BEGIN DATASET RECORDS

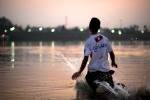 A young boy plays in the Mekong River, cooling off after a hot day during the dry season. 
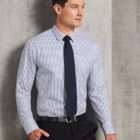 Man wearing a striped dress shirt, black tie, and black pants standing against a concrete wall.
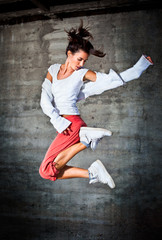 Dancing woman with brown long hair and happy facial expression j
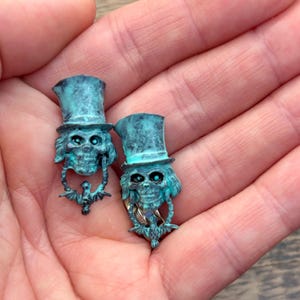 Könnte beinhalten: Zwei türkisgrüne Ohrringe in Schädelform mit Zylinder und Fledermausdetails. Die Ohrringe haben ein verwittertes, antikes Finish, und die Schädel haben leuchtende Augen. Die Ohrringe werden in einer Hand gehalten.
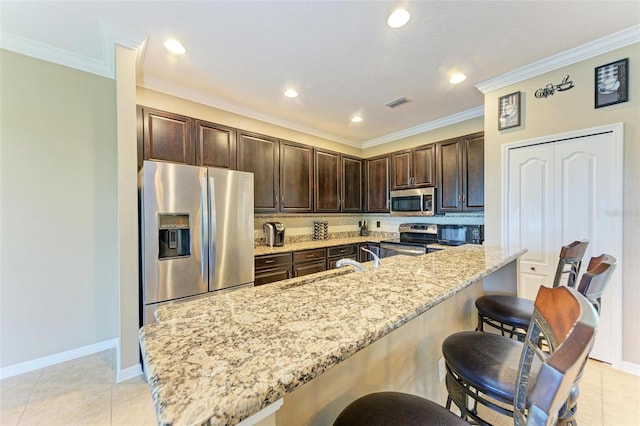 kitchen with a breakfast bar area, stainless steel appliances, ornamental molding, light stone countertops, and dark brown cabinetry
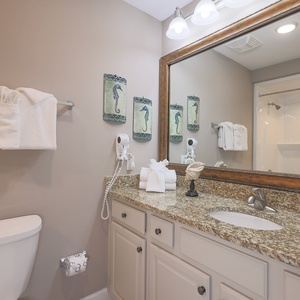 Freshen up in this guest bath in the relaxing shower or soothing tub before an exciting beach day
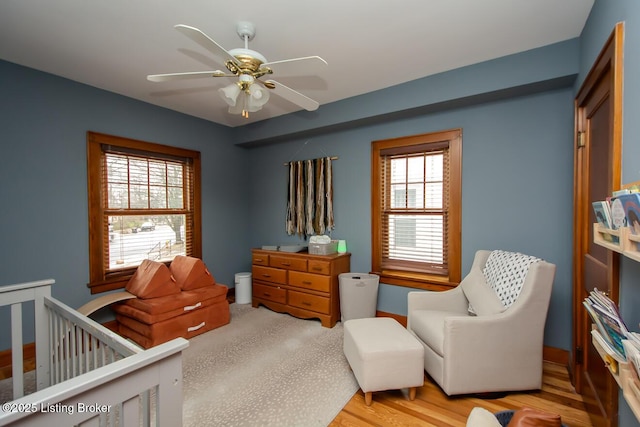 bedroom featuring light hardwood / wood-style floors and ceiling fan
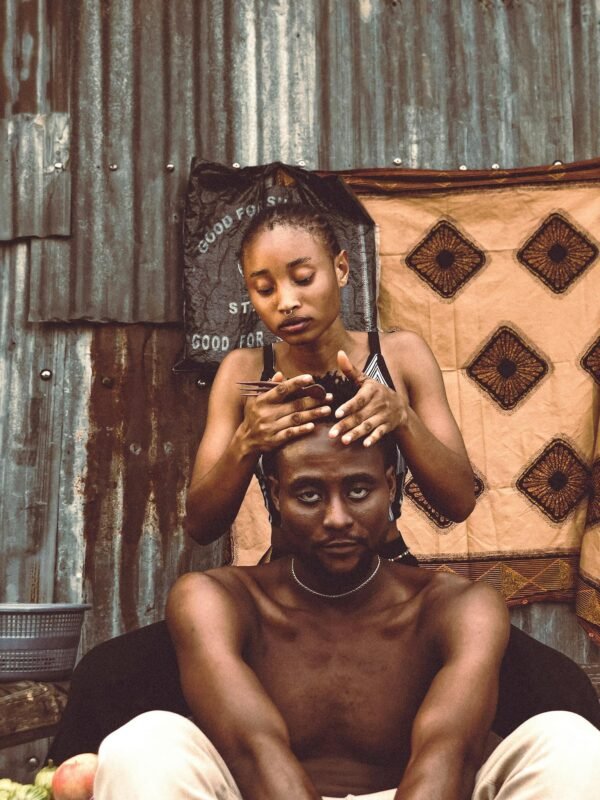 African woman combing man's hair, showcasing cultural intimacy and bonding.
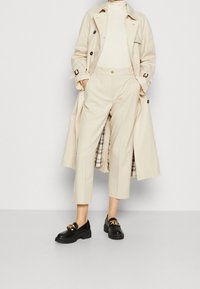 Beige trench coat with dark buttons, beige turtleneck, tailored cream trousers, and black loafers with gold chain accents. Patterned coat lining.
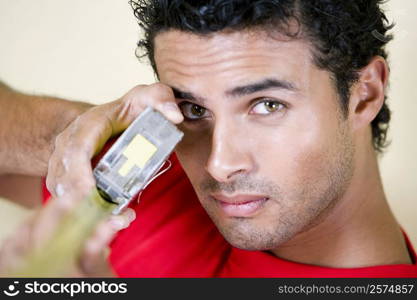 Portrait of a young man holding a measuring tape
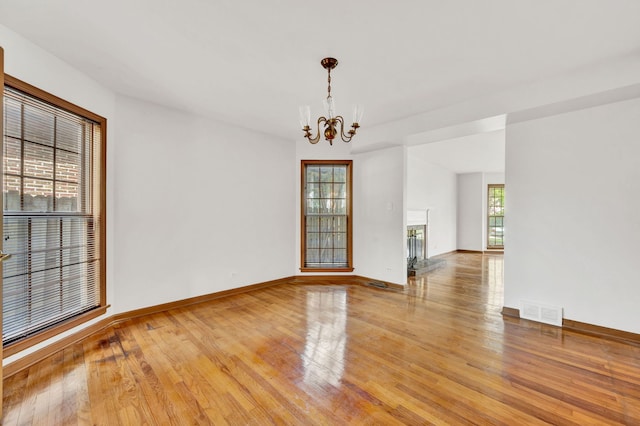 unfurnished room with a chandelier, light wood-style flooring, and baseboards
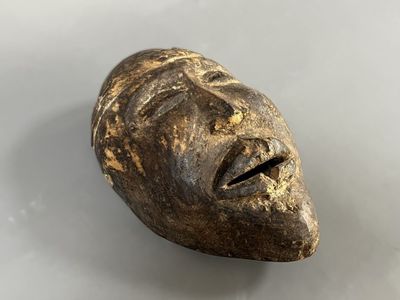 gros plan d'un masque en bois sur une surface blanche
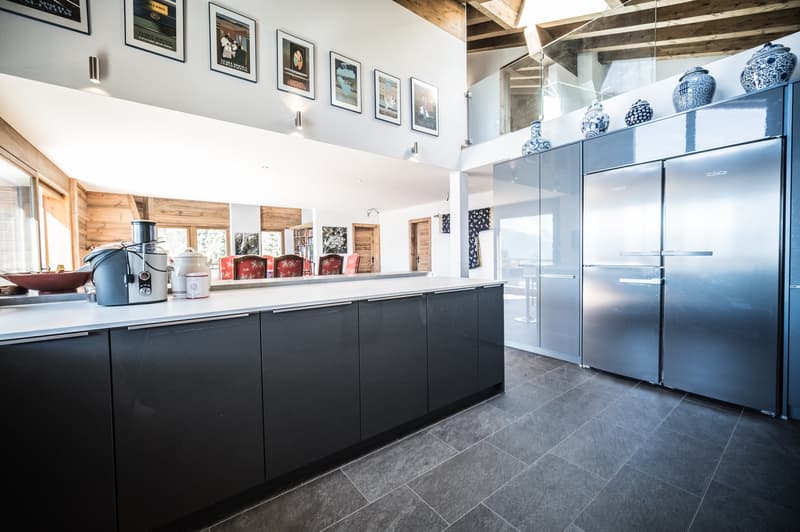 modern kitchen with stainless steel appliances, granite countertop, wooden cabinets, artwork on the wall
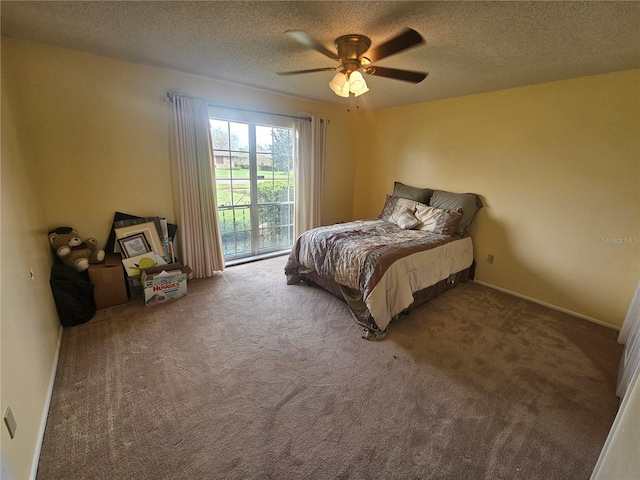 carpeted bedroom with a textured ceiling, ceiling fan, and access to exterior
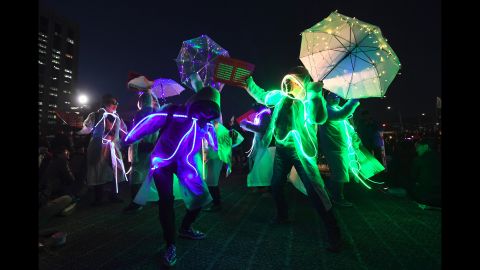 Demonstrators wearing illuminated costumes take part in a rally demanding Park's arrest. Now stripped of her immunity, Park is vulnerable to prosecution in the scandal that triggered her removal. Lawmakers and judges agreed that she abused her authority in helping a friend raise donations from companies.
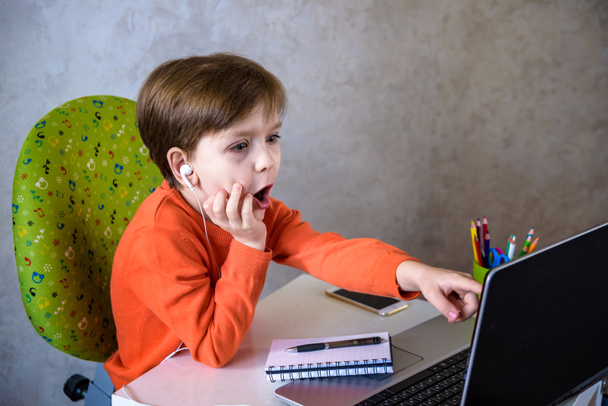 Children doing homework at home. The boys looks at the laptop. Back to school. Distance Learning Online Education. - Φωτογραφία, εικόνα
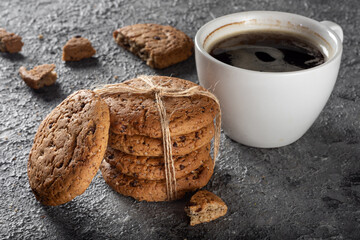 Oatmeal cookies with chocolate chips and coffee. A bunch of cookies with a mug of fresh coffee.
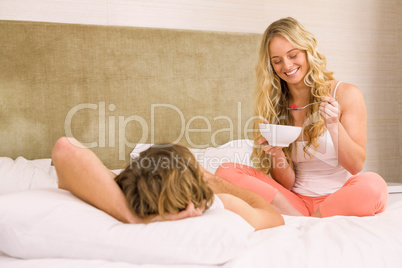 Cute couple eating cereals and lying in bed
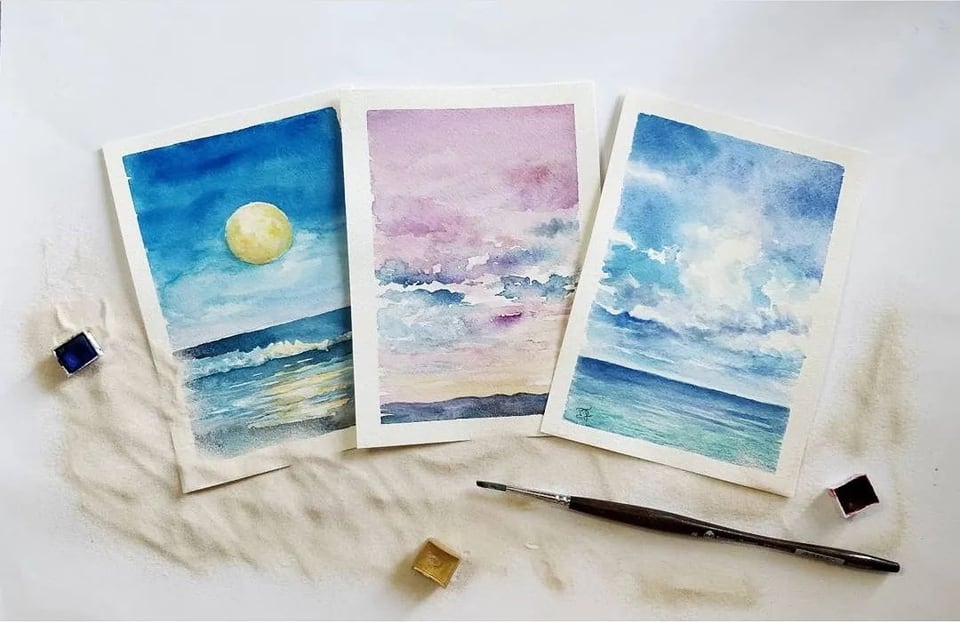 Tre acquerelli di cielo e mare: luna, tramonto, nuvole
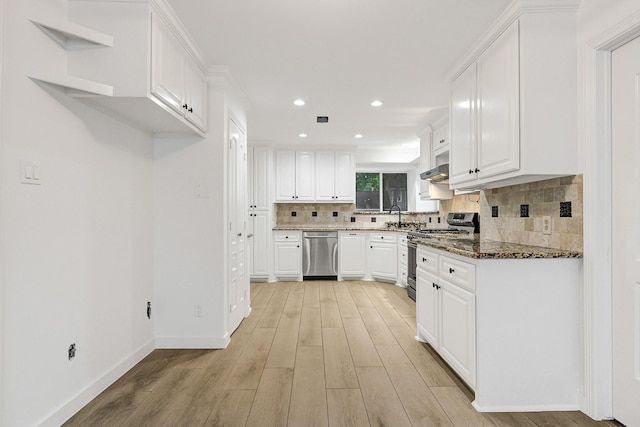 kitchen featuring appliances with stainless steel finishes, decorative backsplash, light wood-style flooring, and white cabinetry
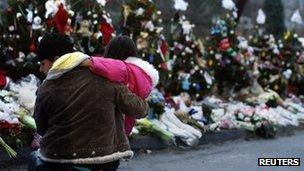 A woman holds a child next to a makeshift memorial for victims who died in the December 14 shootings at Sandy Hook Elementary School, in Newtown, Connecticut December 18,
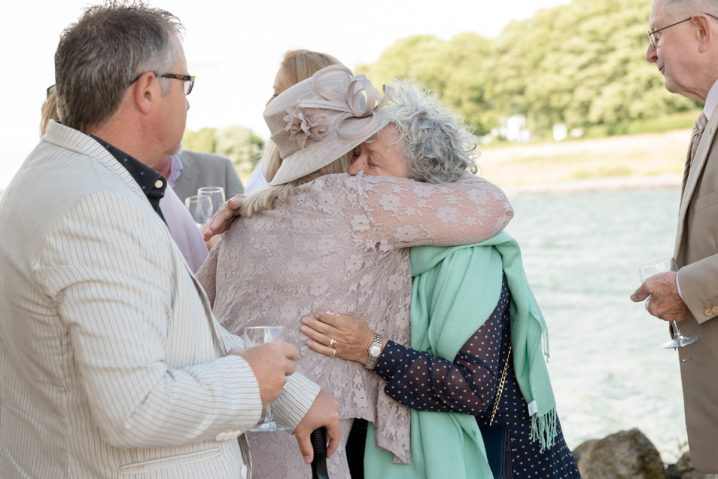 Wedding guest hugging mother of the bride at Normanton Church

END DATASET RECORDS

WHAT IS EXPECTED
Give back, exactly and without pictures, the stretch of the records above from the line containing "Freshen up in" through the line containing "Beige trench coat", with both end lines included.

SOLUTION
 Freshen up in this guest bath in the relaxing shower or soothing tub before an exciting beach day
 bedroom featuring light hardwood / wood-style floors and ceiling fan
 African woman combing man's hair, showcasing cultural intimacy and bonding.
 Beige trench coat with dark buttons, beige turtleneck, tailored cream trousers, and black loafers with gold chain accents. Patterned coat lining.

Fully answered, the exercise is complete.